O diretor paraibano-pernambucano Paulo Caldas engendrou um modo superlativo de empreender uma viagem de volta ao Nordeste natal, pelas asas do cinema. Para realizar o documentário O Circo Chegou, caiu na estrada com uma trupe circense na rota Sudeste-Nordeste, rasgando o Brasil de São Paulo até Alagoas. A motivação parte de José Wilson Moreira Leite, dono do Circo Spadoni e fundador do Circo Escola Picadeiro (atualmente instalado em Osasco), onde se formaram e/ou desenvolveram companhias como Nau de Ícaros, Parlapatões, La Mínima e Acrobáticos Fratelli.

O Circo Spadoni atravessa o Brasil em “O Circo Voltou”

Natural de Major Isidoro, em Alagoas, Zé Wilson empreende o retorno à cidade batizada com o nome de seu bisavô materno, para apresentar o Spadoni na cidade natal pela primeira vez. A caravana segue pelas estradas simbolicamente interrompidas da ponte Sul/Sudeste-Norte/Nordeste, em caminhões, trailers e unidades de filmagem (essas últimas ocultas atrás das câmeras). Náufrago no apocalipse que se introjetará no metaverso, o circo mostra fibra de sobrevivente, acampando lá e cá, montando lona, às vezes nem isso, enquanto a equipe de cinema cinema se ancora (segundo informam os letreiros do final) em hotéis de Três Corações, Mariana, Conselheiro Lafaiete, Itaobim (Minas Gerais), Vitória da Conquista, Jequié, Feira de Santana, Paulo Afonso (Bahia), Piranhas, Arapiraca (Alagoas).

Em cidades pequenas, comunidades quilombolas e aldeias indígenas, a lona não chega a subir, e a trupe familiar faz apresentações ao ar livre, que a câmera acompanha com paixão. Ergue-se, implícito, o parentesco cigano desencontrado entre o Spadoni, o Quilombo Vila Santa Efigênia (em Furquim, Minas Gerais), a Comunidade Quilombola de Cinzento (Planalto, Bahia), a Aldeia Fazenda Canto Povo Xukuru-Kariri (Palmeira dos Índios, Alagoas). Entretenimento e ética comunitária se entrelaçam em encontros complexos de identidades, profissões e populações marginalizadas.

Zé Wilson (à esq.) entre os Xukuru-Kariri

Pedro, filho menino de Zé Wilson e da trapezista-bailarina-mágica-Mulher Maravilha Alessandra Leite, faz a narração do filme e desenvolve trabalho infantil-familiar como o palhaço Perereca, enquanto os adultos se dividem entre motoristas e malabaristas, heróis do globo da morte e montadores de picadeiro.
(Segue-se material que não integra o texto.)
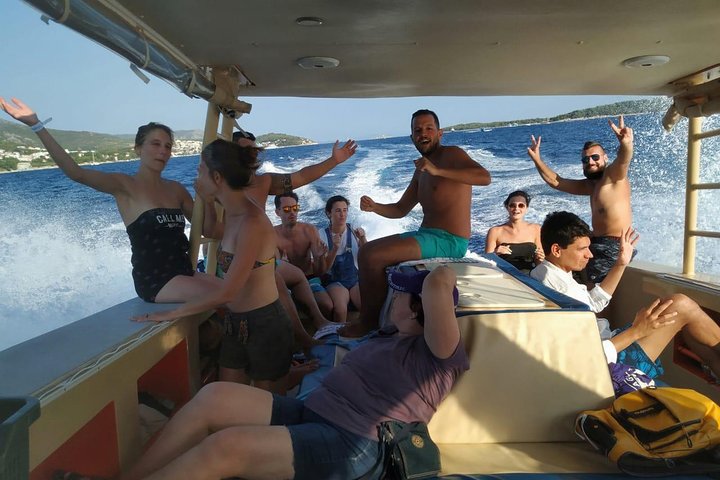 Tour in motoscafo di lusso da Spalato alla Grotta Azzurra, Hvar e Vis, con nuoto e visite turistiche, foto 19 | wizardtrip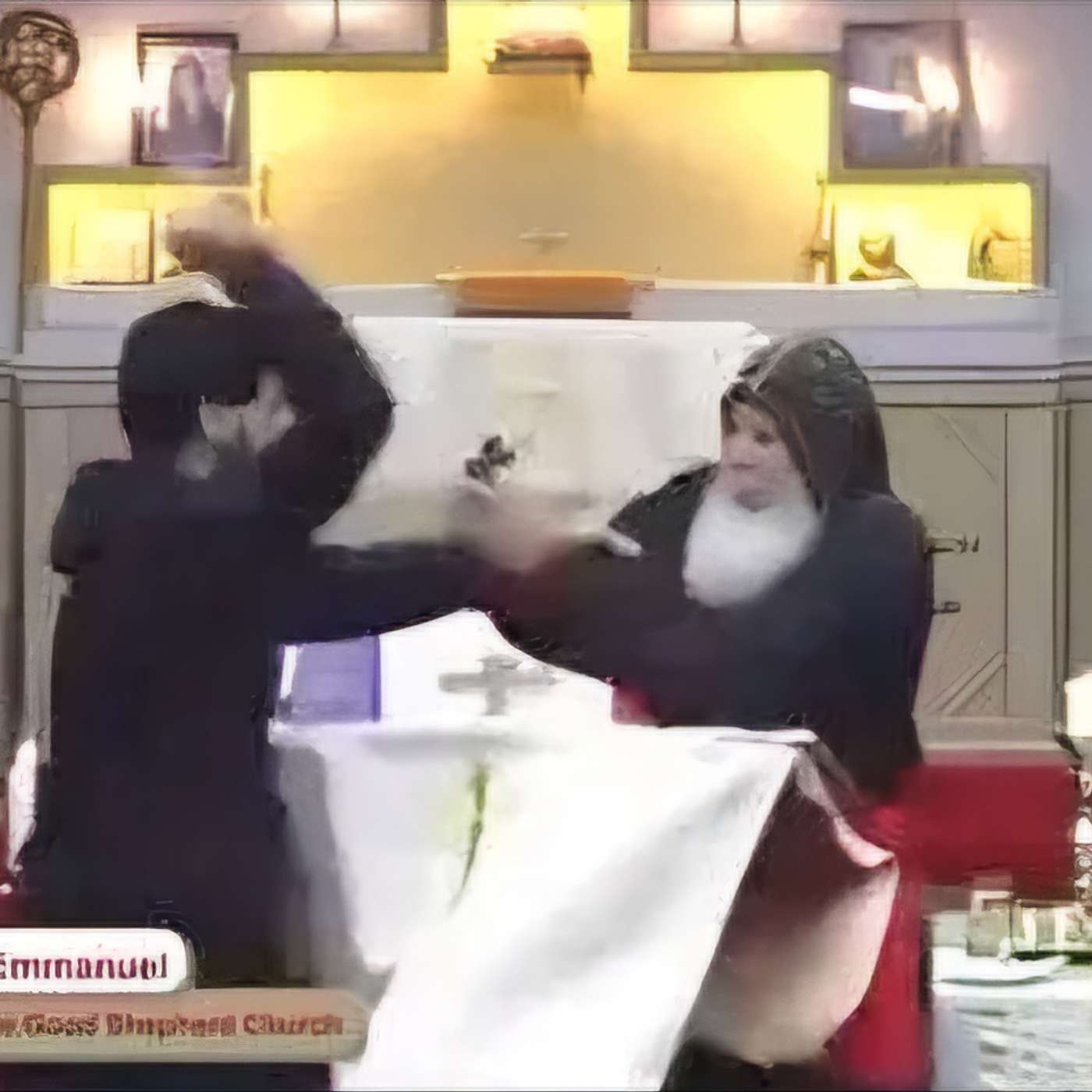 Episodio 951: 🔥 Jesús Salva Al Obispo Mar Mari Emmanuel En El Momento De Ser Atacado 🎙 En Vivo Luis Román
Em cenas consecutivas de O Circo Voltou, Caldas mostra o trabalho pesado na subida da lona, inclusive com engajamento feminino, e o choro de Zé Wilson, um “emotivo” declarado. Tudo fulgura demasiadamente humano, mas nos detalhes as relações entre os sexos e entre velhos, jovens e crianças não se parecem com as estabelecidas pelos cidadãos urbanos não-nômades. “Tem dias que a gente não aguenta a cara do outro, mas tudo bem”, graceja uma artista-trabalhadora circense. Zé Wilson conta como foi educado pelo professor Clemente, que viajava junto com o circo. “O circo é parecido com a luta indígena”, observa um indígena Xucuru-Kariri, dando dimensão tanto da parecença quanto do estranhamento.

Alessandra, Zé Wilson e Pedro à margem do rio São Francisco

Em cena de grande lirismo, Zé Wilson, Alessandra e Pedro banham os pés no rio São Francisco e atiram flores de homenagem às águas que levaram Domingos Montagner (1962-2016), ator global cuja companhia circense, La Mínima, iniciou-se no Circo Escola Picadeiro. A família chora abraçada e emocionada, em especial o menino que terá pela frente o dilema de continuar ou não a tradição aparentemente em vias de extinção. A câmera poética de Paulo Caldas acompanha os acontecimentos com desenvoltura, assistindo de dentro das casas dos moradores das comunidades à passagem do circo, que anuncia no alto-falante a chegada do “incrível homem das quatro pernas”. A tecnologia, a internet e o metaverso parecem pequenos demais diante da imensidão de O Circo Voltou.